TASK DIRECTIONS: Output the records precisely as they stand. Pictures are to be skipped.

[Items listed in a dataset]
----------------------------------------
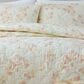 Pem America Vivian 3-Piece Full/Queen Quilt Set in Ivory, Red, Yellow and Green, , large
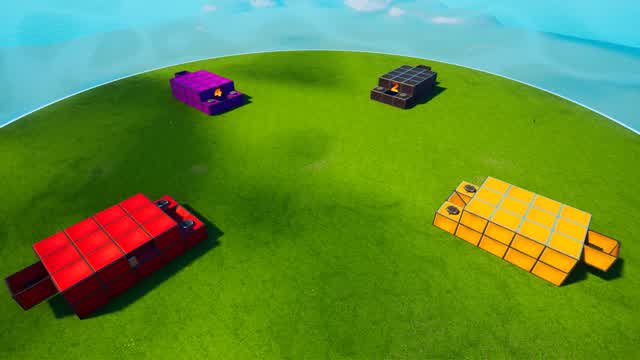 🐐 GO GOATED! ZONE WARS 🌀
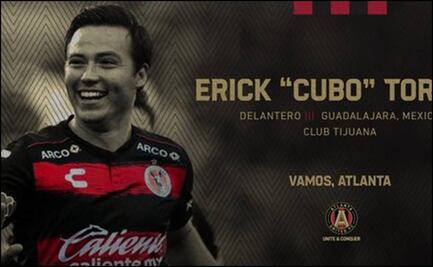 Atlanta United ficha a Erick "Cubo" Torres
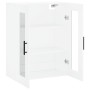 Armario de pared blanco 69,5x34x90 cm de vidaXL, Aparadores - Ref: Foro24-828500, Precio: 85,44 €, Descuento: %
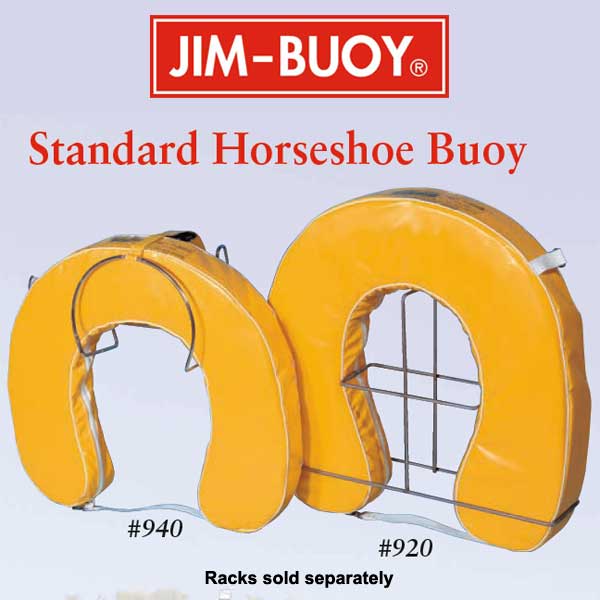 Cal-June 1040 Horseshoe Buoy Pony Size 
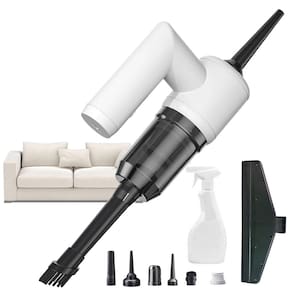 Aspirador Soprador Ar Poeira 5 Em 1 Recarregavel Limpa Liquidos Janela Teclado Computador Sofa Cortina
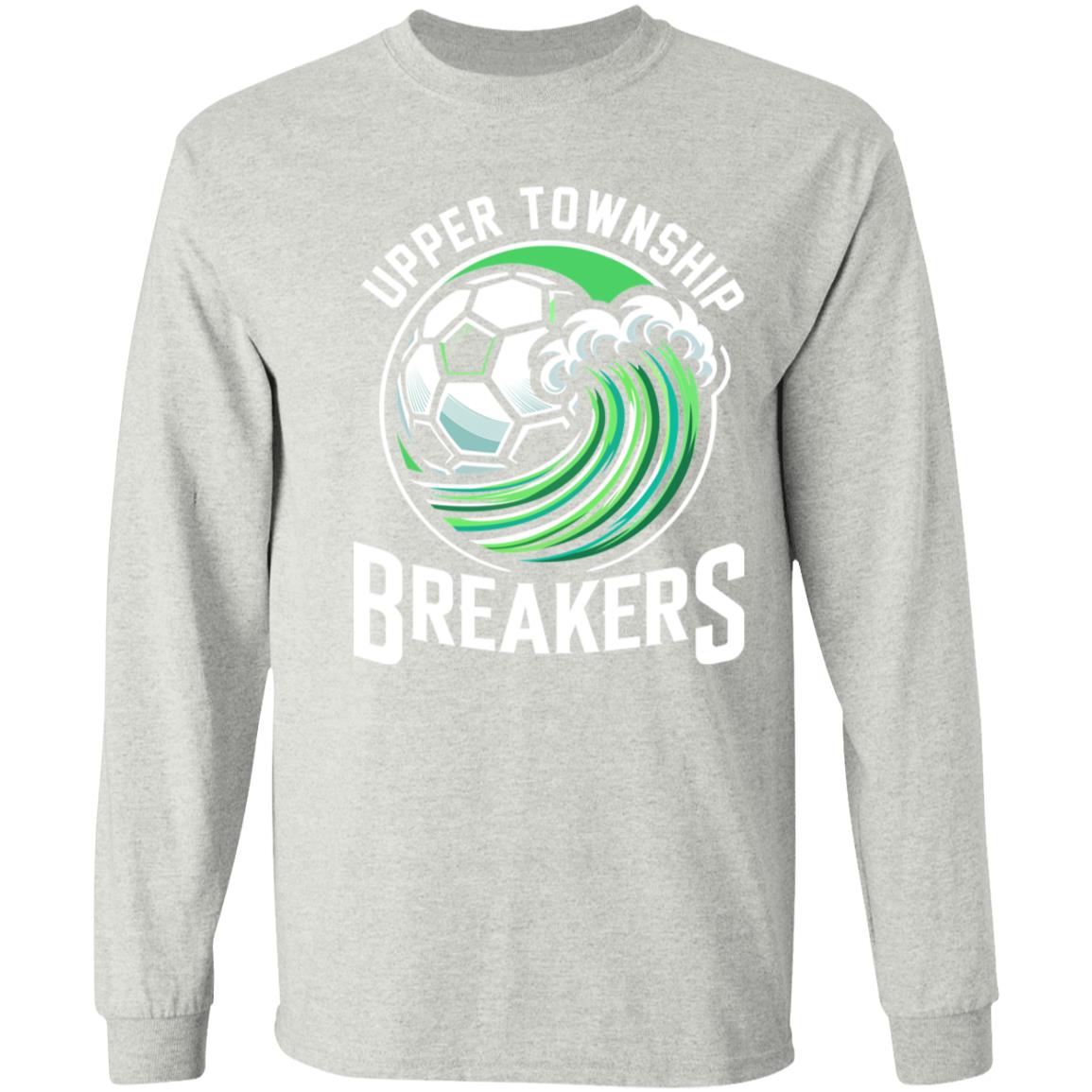 UT Breakers Soccer Long Sleeve Tees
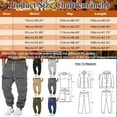 thumbnail image 4 of Lounge Pants - Comfortable Breathable Sweatpants with Pockets and Elastic Waistband for Winter Warmth, 4 of 10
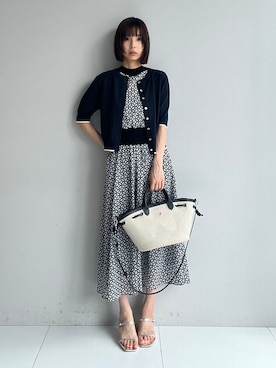 本村 実沙子さん(レディース・166cm)の春コーディネート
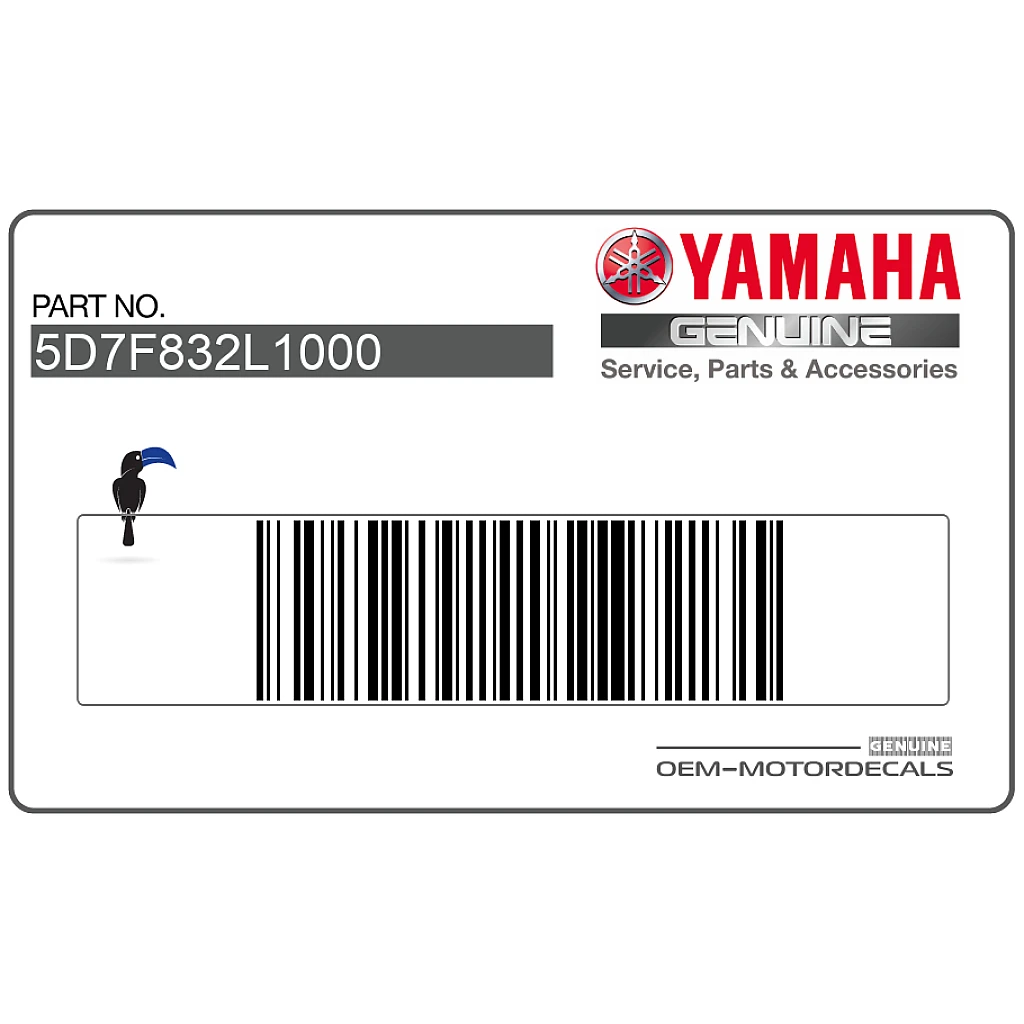 Yamaha-5D7F832L1000 Yamaha-5D7F832L1000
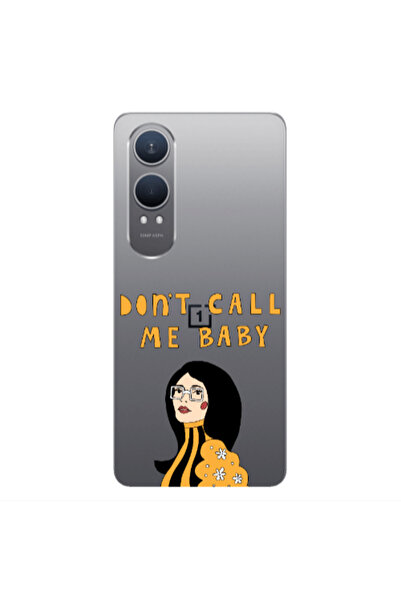 Other Oneplus Nord Ce 4 lite Call me baby Transparent Silicone TPU Θήκη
----------------------------------------
RESPONSE:
 Pem America Vivian 3-Piece Full/Queen Quilt Set in Ivory, Red, Yellow and Green, , large
 🐐 GO GOATED! ZONE WARS 🌀
 Atlanta United ficha a Erick "Cubo" Torres
 Armario de pared blanco 69,5x34x90 cm de vidaXL, Aparadores - Ref: Foro24-828500, Precio: 85,44 €, Descuento: %
 Cal-June 1040 Horseshoe Buoy Pony Size 
 Aspirador Soprador Ar Poeira 5 Em 1 Recarregavel Limpa Liquidos Janela Teclado Computador Sofa Cortina
 UT Breakers Soccer Long Sleeve Tees
 thumbnail image 4 of Lounge Pants - Comfortable Breathable Sweatpants with Pockets and Elastic Waistband for Winter Warmth, 4 of 10
 本村 実沙子さん(レディース・166cm)の春コーディネート
 Yamaha-5D7F832L1000 Yamaha-5D7F832L1000
 Other Oneplus Nord Ce 4 lite Call me baby Transparent Silicone TPU Θήκη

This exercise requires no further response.